Pour conclure, il reste deux grandes questions qu’il nous faudra débattre dans les semaines qui viennent. Premièrement, le système actuel du conventionnement obligatoire des professionnels de la santé a-t-il vécu ou peut-il être maintenu ? L’UEL est en général en faveur de la libéralisation des marchés, mais il faut admettre que le secteur de la santé n’est pas un marché comme les autres et que l’expérience dans des pays très libéraux en la matière ne plaide pas en faveur d’une libéralisation totale. Parmi les patients et les professionnels de santé, tous ne pourraient en sortir gagnants et il y aurait des perdants dans chaque camp, alors que le système actuel permet de maintenir un certain équilibre.
Deuxièmement, qui doit gérer le système ? La gestion tripartite actuelle fonctionne, même s’il est certainement possible d’améliorer des choses. Une gestion bipartite des prestations en nature telle que proposée par l’UEL en 2016 où l’État et les assurés prendraient leurs responsabilités (quels soins à quel prix) ? Notre proposition tient toujours... Ou alors un système où les médecins, seuls détenteurs du savoir médical, dicteraient quelle médecine doit être pratiquée et détermineraient comment ils sont rémunérés ? Concernant cette option, l’UEL a quelques doutes, notamment au regard du fonctionnement des organisations en général, tous secteurs confondus.
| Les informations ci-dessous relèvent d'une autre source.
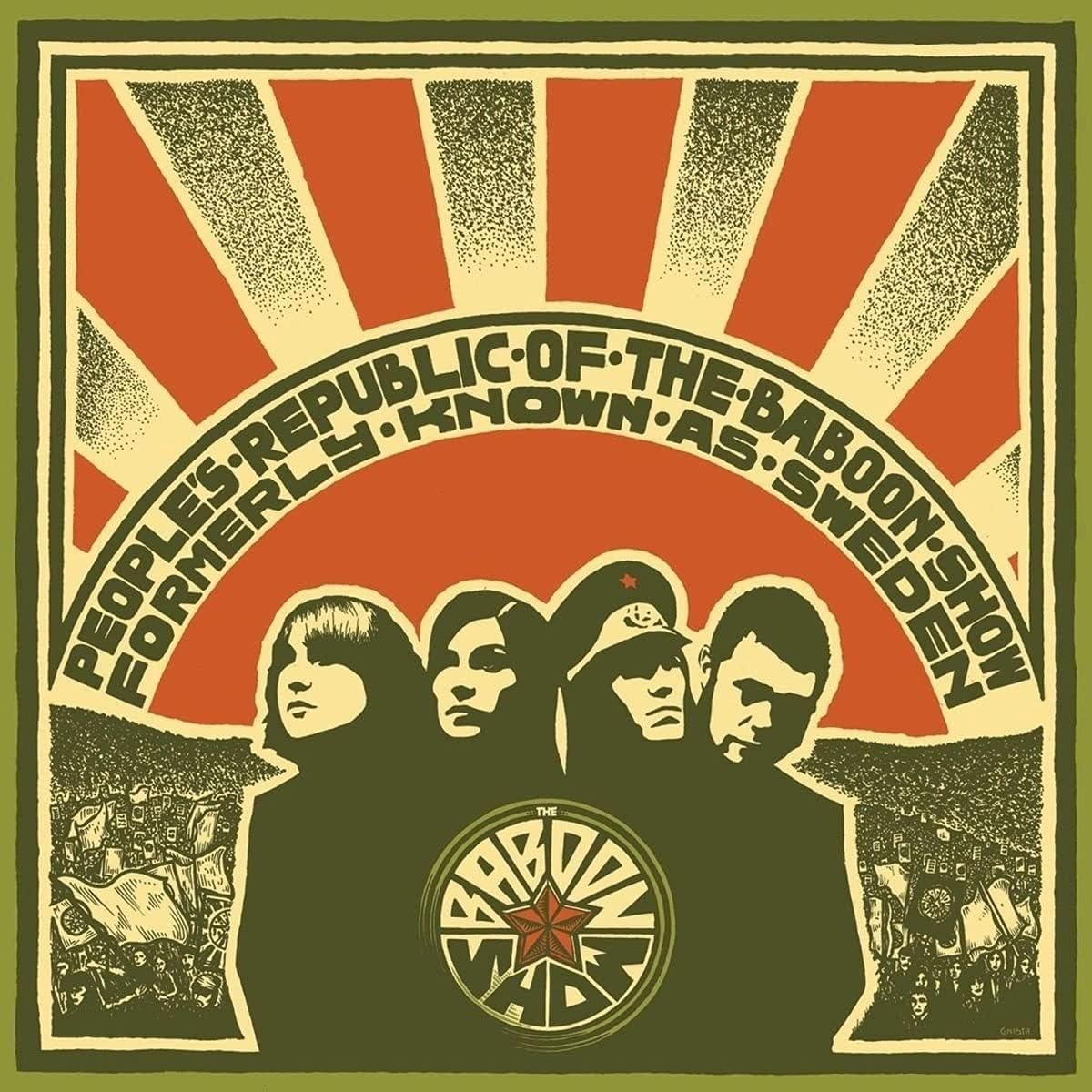 Record cover: band portrait with radiating lines and stylized text.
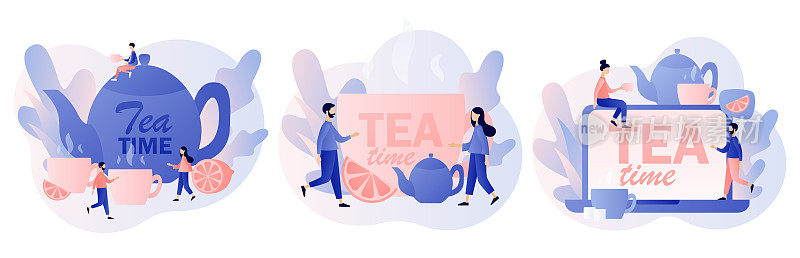 下午茶时间的概念。热饮料。小矮人在喝茶。水壶，杯子，柠檬片和方糖。现代平面卡通风格。矢量插图上的白色背景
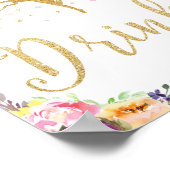 妖精の赤ちゃんシャワー飲み物の装飾サインベビーガール ポスター (角)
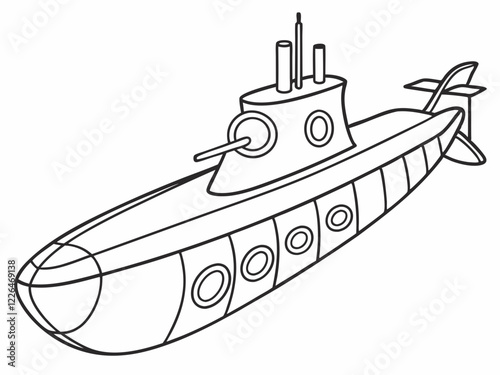 submarine black and white line drawing, simple design, porthole windows, periscope, propeller, streamlined shape, children's book illustration style, nautical theme, underwater vessel, 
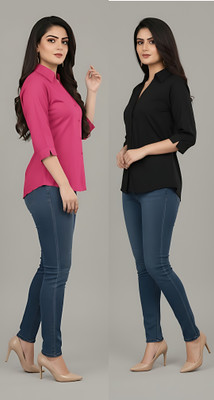 Prieto Women Solid Formal Multicolor Shirt(Pack of 2)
En effet, la plupart des organisations performantes ne sont pas gérées par les techniciens de terrain, mais bien par des gestionnaires formés et expérimentés, aux compétences et profils les plus diversifiés possible. Enfin, il est parfaitement imaginable d’avoir une gestion entièrement étatisée, avec une fiscalisation des cotisations sociales qui disparaîtraient donc au profit d’un impôt augmenté. Dans le cas de cette dernière option, il est à noter qu’elle pourrait aussi solutionner le problème lié à la décroissance de l’emploi salarié prédit par des théoriciens de la digitalisation et donc à l’effritement de la base cotisable. À voir si cela se réalise et à quel rythme.